_Task statement:_ Return, with both end lines included, exactly what the data below holds from the line with "1件简约单层蕾丝刺绣仿珍珠短头纱，婚礼新娘配饰，适用于仪式和拍摄" through the line with "Bassike Slim Muscle Tank Black", though not the pictures.

_Dataset extract:_
################

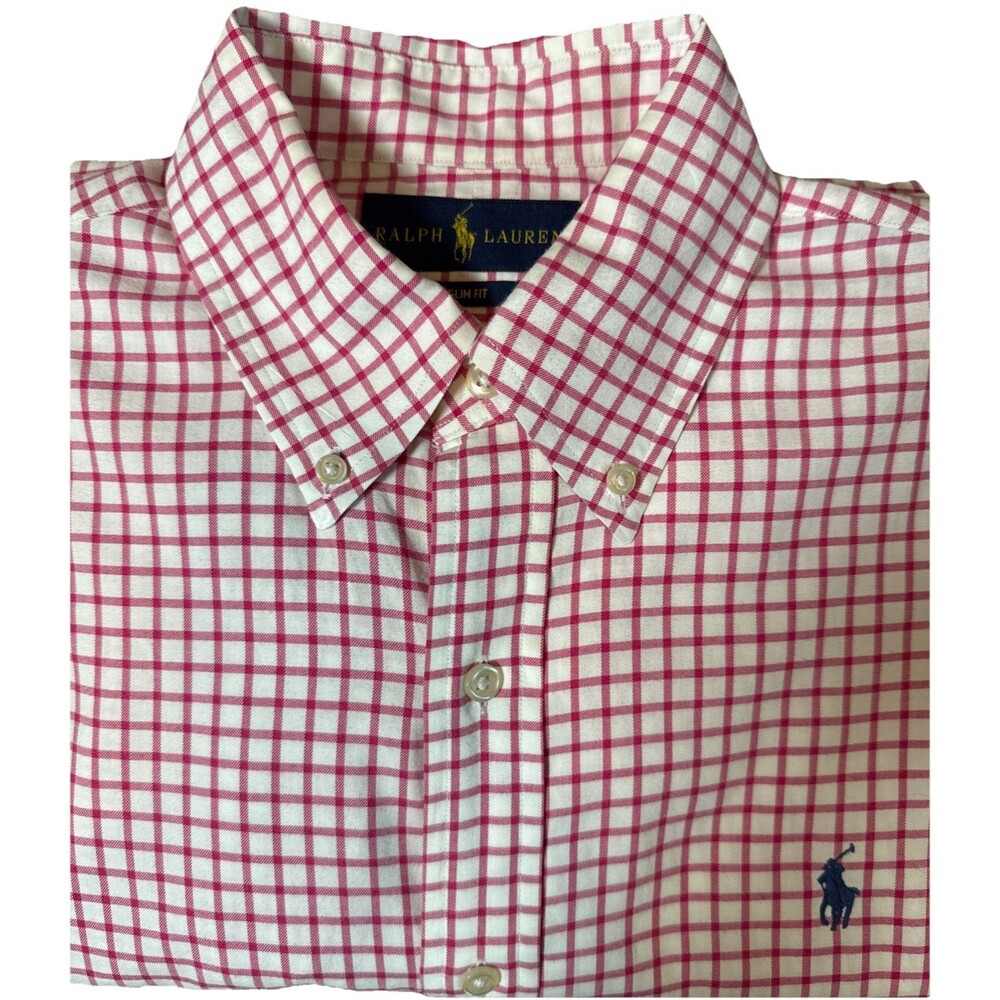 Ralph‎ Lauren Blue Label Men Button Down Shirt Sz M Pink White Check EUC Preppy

################

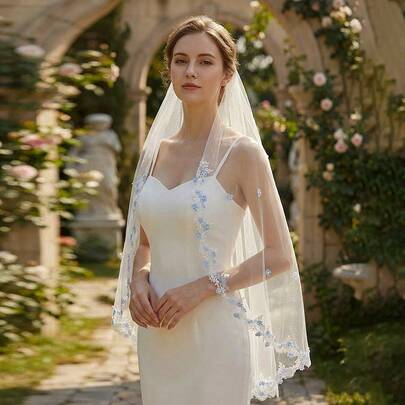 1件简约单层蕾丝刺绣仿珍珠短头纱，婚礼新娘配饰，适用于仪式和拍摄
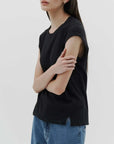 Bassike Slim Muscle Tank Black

################

_Solution to this problem:_
 1件简约单层蕾丝刺绣仿珍珠短头纱，婚礼新娘配饰，适用于仪式和拍摄
 Bassike Slim Muscle Tank Black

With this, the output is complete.